Они с Мартыновым вышли, а через некоторое время Алфимов вывел этих двоих.
— Наворовали, сволочи, — обратился он к Мартынову. — Арестовать.
— Вы, Федор Яковлевич, не расстраивайтесь, — Бахтин дотронулся до кожаного рукава Мартынова, — это всегда было и всегда будет.
— Нет, не будет, — зло ответил Мартынов, — выжжем каленым железом. — Ну-ну, давайте. Где швейцар? — Здесь я. — Пошли. В кухне Бахтин сел рядом со швейцаром. — Ну, братец, излагай.
— Приехали они заполночь… Значит, мне позвонили. Я им: кто, мол? Они: мы из чеки. Я открыл.
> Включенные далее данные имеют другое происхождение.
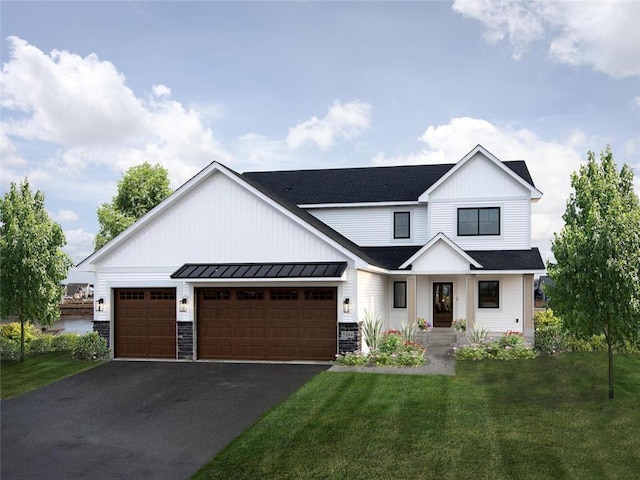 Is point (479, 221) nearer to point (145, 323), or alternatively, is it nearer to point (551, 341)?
point (551, 341)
Старший ихний одет как барин, с кольцами…
— Стоп. — Бахтин достал фотографию Сабана. — Он?
Швейцар повернул карточку к свету, поглядел внимательно. — Ну! — Точно он. — Они документы показывали? — Бумажки, везде штамп ЧК. — А этого не было? — Бахтин достал фото Рубина.
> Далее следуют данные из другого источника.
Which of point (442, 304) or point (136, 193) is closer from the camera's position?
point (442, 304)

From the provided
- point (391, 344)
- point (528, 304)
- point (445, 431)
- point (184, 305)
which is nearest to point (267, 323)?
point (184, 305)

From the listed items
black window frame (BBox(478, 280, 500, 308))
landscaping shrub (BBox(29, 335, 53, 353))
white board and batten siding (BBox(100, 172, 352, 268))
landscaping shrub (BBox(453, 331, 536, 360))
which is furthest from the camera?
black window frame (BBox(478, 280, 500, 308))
— Был, господин начальник, точно, он мне-то документы и показывал. — Литвин! — позвал Бахтин. И когда тот вошел, скомандовал: — Снимите показания. — Опознал? — В цвет.
На Лубянке Мартынов позвал Алфимова в свой кабинет. — Миша, ты знаешь, кого убили на Сретенском? — Консула с женой.
— А ты знаешь, что его жена — первая любовь Бахтина. Мне Литвин об этом рассказал. — Ну прямо роман, Федор.
— Только с плохим концом. На Александре Петровиче лица нет. Такое пережить. Тюрьму нашу, потом смерть любимой. — Так, что делать? — Что делать, что делать… Мартынов полез в шкаф, вынул пузатую бутылку.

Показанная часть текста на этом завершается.